American poet (1865–1914)

Madison Julius Cawein (March 23, 1865 – December 8, 1914) was a poet from Louisville, Kentucky.

==Biography==
Madison Julius Cawein was born in Louisville, Kentucky on March 23, 1865, the fifth child of William and Christiana (Stelsly) Cawein. His father made patent medicines from herbs. Thus as a child, Cawein became acquainted with and developed a love for local nature. Madison Cawein lived in Louisville his entire life, with the exception of three years spent in New Albany, Indiana, as a teenager.

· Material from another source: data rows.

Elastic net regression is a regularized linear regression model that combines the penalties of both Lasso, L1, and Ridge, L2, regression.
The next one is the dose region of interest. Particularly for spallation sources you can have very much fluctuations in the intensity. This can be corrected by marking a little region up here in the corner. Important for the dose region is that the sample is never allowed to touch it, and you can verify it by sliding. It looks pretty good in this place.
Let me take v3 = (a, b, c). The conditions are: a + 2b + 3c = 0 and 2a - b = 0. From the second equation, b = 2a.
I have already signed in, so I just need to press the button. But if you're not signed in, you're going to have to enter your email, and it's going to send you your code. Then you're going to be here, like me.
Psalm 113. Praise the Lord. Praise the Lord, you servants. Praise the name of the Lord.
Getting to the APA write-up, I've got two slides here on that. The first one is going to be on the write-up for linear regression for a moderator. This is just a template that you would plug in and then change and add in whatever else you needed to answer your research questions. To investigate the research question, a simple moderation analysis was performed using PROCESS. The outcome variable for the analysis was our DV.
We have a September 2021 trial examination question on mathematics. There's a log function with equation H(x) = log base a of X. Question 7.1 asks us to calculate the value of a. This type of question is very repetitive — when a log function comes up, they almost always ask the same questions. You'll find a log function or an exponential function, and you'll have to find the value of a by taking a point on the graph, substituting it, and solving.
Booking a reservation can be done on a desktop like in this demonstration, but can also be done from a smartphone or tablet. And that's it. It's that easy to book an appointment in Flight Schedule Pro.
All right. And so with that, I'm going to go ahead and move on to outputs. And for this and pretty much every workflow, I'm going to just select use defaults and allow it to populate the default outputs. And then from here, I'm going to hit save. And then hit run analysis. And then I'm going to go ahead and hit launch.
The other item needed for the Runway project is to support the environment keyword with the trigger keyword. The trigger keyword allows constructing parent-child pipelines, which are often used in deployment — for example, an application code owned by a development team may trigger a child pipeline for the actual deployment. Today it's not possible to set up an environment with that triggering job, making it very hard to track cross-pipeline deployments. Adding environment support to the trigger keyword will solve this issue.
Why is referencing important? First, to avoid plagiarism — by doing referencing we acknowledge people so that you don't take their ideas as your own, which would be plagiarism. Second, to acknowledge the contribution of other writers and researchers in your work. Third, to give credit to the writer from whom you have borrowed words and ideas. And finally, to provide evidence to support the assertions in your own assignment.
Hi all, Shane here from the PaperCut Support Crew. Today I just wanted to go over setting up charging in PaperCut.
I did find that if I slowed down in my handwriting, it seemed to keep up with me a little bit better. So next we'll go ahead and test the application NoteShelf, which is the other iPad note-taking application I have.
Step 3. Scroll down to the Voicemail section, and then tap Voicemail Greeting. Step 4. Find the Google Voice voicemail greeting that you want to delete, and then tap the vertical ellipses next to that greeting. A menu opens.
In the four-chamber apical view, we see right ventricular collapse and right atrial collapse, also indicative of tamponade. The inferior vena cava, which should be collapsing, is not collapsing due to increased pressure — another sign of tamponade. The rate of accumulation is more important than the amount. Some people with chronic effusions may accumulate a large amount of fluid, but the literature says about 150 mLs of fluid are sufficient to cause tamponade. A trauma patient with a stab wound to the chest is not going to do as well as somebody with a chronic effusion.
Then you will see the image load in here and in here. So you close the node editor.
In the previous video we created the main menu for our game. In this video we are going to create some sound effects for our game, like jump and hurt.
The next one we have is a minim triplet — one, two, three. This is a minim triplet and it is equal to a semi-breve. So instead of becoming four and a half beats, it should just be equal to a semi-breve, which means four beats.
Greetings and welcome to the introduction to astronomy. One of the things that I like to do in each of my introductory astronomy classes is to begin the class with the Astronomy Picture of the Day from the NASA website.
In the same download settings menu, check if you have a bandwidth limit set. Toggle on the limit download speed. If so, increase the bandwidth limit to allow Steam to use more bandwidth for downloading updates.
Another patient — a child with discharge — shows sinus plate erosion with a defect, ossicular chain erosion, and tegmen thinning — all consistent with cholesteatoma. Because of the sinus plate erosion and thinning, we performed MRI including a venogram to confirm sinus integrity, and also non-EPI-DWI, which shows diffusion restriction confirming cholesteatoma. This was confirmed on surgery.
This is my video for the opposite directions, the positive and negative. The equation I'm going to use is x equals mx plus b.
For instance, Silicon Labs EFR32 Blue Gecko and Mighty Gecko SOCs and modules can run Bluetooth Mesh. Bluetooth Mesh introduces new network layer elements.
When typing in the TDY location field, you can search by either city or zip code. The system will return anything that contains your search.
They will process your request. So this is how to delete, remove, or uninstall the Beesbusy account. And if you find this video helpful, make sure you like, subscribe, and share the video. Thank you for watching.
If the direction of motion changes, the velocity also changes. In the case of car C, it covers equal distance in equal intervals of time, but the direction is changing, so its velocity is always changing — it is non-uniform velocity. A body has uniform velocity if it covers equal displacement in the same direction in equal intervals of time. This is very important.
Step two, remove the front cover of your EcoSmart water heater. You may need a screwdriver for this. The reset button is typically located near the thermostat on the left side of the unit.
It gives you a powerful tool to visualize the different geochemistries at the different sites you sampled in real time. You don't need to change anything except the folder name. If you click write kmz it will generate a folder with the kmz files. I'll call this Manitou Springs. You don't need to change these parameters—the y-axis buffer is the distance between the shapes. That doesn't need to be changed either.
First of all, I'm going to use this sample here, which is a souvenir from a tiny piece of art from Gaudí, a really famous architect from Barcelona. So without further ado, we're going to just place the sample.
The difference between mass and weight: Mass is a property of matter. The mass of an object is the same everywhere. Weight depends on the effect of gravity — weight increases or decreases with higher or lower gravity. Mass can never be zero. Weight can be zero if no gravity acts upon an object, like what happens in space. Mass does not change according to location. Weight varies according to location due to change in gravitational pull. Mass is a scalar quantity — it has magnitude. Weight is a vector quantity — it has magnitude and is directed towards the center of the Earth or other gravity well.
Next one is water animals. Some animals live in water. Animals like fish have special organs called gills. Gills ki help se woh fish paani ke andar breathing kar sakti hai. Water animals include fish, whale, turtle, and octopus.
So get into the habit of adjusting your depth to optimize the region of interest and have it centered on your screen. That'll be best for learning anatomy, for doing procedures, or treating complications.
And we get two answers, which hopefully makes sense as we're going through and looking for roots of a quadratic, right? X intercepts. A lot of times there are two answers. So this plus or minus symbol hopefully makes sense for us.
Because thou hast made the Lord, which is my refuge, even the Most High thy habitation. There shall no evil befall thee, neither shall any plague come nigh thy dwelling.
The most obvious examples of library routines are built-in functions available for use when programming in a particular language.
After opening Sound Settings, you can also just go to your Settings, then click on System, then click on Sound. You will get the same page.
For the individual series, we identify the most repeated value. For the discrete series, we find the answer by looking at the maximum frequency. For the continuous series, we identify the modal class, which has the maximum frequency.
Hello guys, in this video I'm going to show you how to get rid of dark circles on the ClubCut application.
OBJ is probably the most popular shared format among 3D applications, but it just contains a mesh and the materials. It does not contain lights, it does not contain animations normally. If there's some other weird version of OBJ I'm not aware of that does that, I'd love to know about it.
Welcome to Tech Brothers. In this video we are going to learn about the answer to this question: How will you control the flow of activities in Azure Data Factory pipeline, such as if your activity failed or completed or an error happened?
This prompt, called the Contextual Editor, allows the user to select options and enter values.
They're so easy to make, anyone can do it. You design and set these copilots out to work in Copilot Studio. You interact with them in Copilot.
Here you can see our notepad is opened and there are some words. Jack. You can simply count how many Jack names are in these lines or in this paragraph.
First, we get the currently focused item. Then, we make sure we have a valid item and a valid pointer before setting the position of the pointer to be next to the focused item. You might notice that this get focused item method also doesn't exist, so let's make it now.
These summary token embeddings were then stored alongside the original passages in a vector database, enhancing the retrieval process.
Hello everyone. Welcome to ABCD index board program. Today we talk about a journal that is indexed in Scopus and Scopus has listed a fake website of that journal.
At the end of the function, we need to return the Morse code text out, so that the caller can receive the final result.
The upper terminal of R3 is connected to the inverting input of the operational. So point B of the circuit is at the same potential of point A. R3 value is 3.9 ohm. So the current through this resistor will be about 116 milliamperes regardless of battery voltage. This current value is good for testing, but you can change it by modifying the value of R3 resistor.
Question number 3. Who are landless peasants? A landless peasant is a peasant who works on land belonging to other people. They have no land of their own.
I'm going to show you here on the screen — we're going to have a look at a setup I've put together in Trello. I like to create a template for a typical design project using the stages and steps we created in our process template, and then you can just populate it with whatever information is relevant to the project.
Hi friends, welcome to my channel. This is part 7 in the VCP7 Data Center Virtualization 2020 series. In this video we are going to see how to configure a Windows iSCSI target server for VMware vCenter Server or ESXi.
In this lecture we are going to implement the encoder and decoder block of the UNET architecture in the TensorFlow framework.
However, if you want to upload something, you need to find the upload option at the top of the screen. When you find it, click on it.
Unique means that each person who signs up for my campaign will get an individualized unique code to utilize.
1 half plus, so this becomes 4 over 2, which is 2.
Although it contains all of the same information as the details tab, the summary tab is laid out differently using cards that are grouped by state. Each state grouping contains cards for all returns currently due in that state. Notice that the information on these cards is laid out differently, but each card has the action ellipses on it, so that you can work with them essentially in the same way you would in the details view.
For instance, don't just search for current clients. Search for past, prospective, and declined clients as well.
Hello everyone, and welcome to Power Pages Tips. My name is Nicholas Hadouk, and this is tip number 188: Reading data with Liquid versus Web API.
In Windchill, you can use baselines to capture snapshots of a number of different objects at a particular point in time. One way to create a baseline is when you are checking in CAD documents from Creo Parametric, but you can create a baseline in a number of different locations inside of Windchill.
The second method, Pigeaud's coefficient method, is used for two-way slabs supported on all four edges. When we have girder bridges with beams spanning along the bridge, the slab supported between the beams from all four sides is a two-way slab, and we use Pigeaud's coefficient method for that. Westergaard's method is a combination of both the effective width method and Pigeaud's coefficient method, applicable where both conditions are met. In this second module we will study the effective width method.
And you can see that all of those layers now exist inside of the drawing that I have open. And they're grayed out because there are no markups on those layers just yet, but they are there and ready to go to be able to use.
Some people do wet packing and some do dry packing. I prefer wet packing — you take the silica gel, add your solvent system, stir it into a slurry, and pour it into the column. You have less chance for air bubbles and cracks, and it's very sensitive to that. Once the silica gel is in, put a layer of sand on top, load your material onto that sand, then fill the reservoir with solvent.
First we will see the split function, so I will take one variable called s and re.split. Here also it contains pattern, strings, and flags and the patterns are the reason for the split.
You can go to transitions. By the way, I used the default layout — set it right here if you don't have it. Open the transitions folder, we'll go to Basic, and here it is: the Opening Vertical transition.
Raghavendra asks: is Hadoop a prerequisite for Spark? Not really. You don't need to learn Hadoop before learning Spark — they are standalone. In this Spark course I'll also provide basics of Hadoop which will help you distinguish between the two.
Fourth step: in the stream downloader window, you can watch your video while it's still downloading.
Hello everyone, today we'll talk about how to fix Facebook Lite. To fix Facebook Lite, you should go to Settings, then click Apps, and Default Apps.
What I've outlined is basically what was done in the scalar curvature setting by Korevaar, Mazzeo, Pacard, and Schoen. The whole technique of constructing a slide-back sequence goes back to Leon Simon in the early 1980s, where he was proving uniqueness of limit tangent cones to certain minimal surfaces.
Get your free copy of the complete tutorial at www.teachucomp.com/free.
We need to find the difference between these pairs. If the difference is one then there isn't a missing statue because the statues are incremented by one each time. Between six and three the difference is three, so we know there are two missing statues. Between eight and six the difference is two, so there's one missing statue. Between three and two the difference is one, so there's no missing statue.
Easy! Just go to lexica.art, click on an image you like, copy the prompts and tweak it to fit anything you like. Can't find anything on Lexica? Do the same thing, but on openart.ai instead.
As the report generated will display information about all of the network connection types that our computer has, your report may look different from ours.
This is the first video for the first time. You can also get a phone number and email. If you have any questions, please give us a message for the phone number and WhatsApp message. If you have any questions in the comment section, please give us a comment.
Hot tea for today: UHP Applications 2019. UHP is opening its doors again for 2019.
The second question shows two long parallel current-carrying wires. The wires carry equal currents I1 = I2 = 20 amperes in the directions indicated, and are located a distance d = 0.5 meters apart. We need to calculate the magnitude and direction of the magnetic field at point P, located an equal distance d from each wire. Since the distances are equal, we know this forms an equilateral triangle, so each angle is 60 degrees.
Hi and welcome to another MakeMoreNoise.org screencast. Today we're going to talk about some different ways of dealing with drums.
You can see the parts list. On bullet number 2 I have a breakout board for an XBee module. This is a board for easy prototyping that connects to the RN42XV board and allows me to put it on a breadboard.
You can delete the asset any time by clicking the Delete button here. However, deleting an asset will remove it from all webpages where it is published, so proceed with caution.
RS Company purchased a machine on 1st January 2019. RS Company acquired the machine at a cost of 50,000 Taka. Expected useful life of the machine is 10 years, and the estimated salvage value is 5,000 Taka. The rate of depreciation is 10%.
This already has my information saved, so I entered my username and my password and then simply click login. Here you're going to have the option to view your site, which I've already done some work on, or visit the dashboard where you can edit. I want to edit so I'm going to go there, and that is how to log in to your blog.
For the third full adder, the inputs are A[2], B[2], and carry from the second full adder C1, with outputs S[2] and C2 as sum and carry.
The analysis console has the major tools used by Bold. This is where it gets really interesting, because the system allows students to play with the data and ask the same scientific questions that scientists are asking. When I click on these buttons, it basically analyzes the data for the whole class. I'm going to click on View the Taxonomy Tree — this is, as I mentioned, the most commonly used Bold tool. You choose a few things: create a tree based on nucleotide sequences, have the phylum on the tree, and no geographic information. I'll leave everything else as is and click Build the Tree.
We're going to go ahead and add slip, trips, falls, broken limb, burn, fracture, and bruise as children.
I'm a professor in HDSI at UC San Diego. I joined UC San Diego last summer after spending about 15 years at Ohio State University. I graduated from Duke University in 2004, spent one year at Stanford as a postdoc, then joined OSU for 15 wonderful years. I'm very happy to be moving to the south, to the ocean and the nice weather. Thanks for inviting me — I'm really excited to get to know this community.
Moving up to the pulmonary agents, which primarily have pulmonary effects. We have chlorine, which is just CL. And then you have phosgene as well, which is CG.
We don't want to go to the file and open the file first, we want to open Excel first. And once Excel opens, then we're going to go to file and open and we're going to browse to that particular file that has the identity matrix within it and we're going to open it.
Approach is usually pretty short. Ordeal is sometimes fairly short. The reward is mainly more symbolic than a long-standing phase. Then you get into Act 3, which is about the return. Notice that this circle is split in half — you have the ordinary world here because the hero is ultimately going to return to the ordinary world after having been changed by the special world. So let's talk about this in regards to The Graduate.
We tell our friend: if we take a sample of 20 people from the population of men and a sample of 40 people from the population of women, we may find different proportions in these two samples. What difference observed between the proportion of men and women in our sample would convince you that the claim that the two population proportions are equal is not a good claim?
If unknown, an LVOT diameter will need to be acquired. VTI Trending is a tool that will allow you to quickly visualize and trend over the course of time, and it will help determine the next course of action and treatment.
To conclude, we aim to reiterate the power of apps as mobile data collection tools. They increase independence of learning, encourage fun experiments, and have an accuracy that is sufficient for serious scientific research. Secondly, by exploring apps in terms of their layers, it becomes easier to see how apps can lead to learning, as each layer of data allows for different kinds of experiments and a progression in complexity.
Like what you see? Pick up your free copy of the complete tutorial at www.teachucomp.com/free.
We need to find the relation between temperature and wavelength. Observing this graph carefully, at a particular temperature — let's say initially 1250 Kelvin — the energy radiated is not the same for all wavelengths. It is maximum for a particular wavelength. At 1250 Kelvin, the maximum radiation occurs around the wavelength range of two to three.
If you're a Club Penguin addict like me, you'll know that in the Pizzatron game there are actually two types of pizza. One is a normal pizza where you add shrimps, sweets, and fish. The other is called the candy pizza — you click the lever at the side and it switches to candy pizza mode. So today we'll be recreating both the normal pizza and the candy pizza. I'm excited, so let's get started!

After graduating from Louisville Male High School in 1886, Cawein worked in a pool hall in Louisville as a cashier in Waddill's New-market, which also served as a gambling house. He worked there for six years, saving his pay so he could return home to write.

His output was thirty-six books and 1,500 poems. His writing presented Kentucky scenes in a language echoing Percy Bysshe Shelley and John Keats. He soon earned the nickname the "Keats of Kentucky". He was popular enough that, by 1900, he told the Louisville Courier-Journal that his income from publishing poetry in magazines amounted to about $100 a month.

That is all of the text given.